37. Le Gouvernement n'a offert aucune justification valable pour l'ingérence causée par la non-exécution de l'arrêt en cause ; elle était donc arbitraire et emportait violation du principe de légalité. Une telle conclusion dispense la Cour de rechercher si un juste équilibre a été maintenu entre les exigences de l'intérêt général de la communauté et les impératifs de la sauvegarde des droits individuels des requérants (Metaxas, précité, § 31).

38. Dès lors, à la lumière de ce qui précède, la Cour estime qu'il y a eu en l'espèce violation de l'article 1 du Protocole no 1.

III. SUR LES AUTRES VIOLATIONS ALLÉGUÉES

39. Les requérants estiment enfin que la non-exécution de l'arrêt du 28 octobre 1999 a enfreint les droits garantis par les articles 8 et 17 de la Convention. Dans la mesure où ces griefs visent en substance les mêmes aspects que ceux déjà examiné ci-dessus sous l'angle des articles 6 § 1 de la Convention et 1 du Protocole no 1, la Cour n'estime pas nécessaire de se placer de surcroît sur le terrain des articles 8 et 17.

IV. SUR L'APPLICATION DE L'ARTICLE 41 DE LA CONVENTION

40. Aux termes de l'article 41 de la Convention,

« Si la Cour déclare qu'il y a eu violation de la Convention ou de ses Protocoles, et si le droit interne de la Haute Partie contractante ne permet d'effacer qu'imparfaitement les conséquences de cette violation, la Cour accorde à la partie lésée, s'il y a lieu, une satisfaction équitable. »

A. Dommage

41. A titre de préjudice matériel, outre le manque à gagner alloué par l'arrêt du 28 octobre 1999 estimé à 85 932 dollars américains (USD), les requérants réclament 214 830 USD représentant le manque à gagner pour la période allant de 2000 à 2005 ou, alternativement, les intérêts sur la somme de 85 932 USD. Ils réclament aussi 500 000 USD au titre du préjudice moral qu'ils auraient subi.

42. Le Gouvernement conteste les demandes relatives à l'octroi d'une somme pour défaut de jouissance, eu égard à la jurisprudence de la Cour en la matière (Anghelescu c.
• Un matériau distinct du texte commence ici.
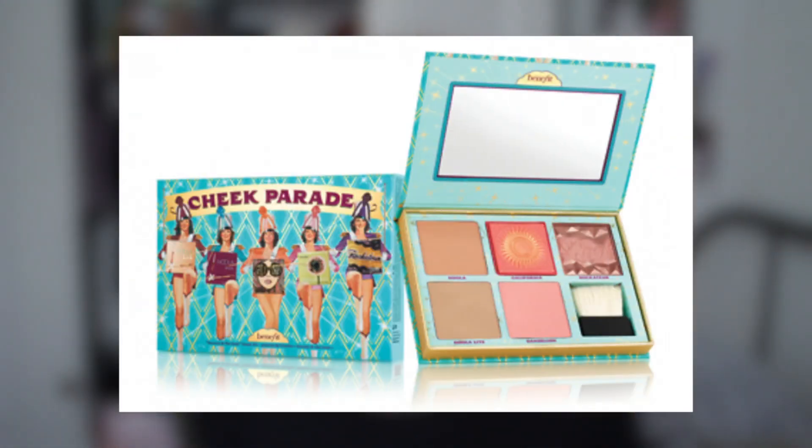I also found another Benefit set — the Benefit blush set, which comes with five blushes and a little brush for only £50. Bearing in mind one of those little box blushes is like £25 each, you're basically getting three for free with a brush — amazing.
Roumanie, no 29411/95, §§ 75-77, 9 avril 2002, Surpaceanu c. Roumanie, no 32260/96, §§ 54-56, 21 mai 2002, et Oprescu c. Roumanie, no 36039/97, §§ 56-57, 14 janvier 2003). S'agissant du montant de 85 932 USD, le Gouvernement rappelle qu'à son avis l'arrêt du 28 octobre 1999 n'est pas exécutoire. Quant au montant de 214 830 USD, il fait valoir qu'aucune juridiction interne n'a reconnu aux requérants le droit d'obtenir réparation du manque à gagner pour la période allant de 2000 à 2005.

Il rappelle que les requérants jouissent toujours de leur droit de propriété des biens litigieux.

43. Le Gouvernement estime enfin que les demandes des requérants au titre du préjudice moral sont excessives, qu'aucun lien de causalité entre lesdites prétentions et les prétendues violations ne peut être établi et considère qu'en tout état de cause un constat de violation sera suffisant pour réparer un tel préjudice. Il rappelle la jurisprudence de la Cour en la matière, notamment l'affaire Sacaleanu c. Roumanie (no 73970/01, 6 septembre 2005).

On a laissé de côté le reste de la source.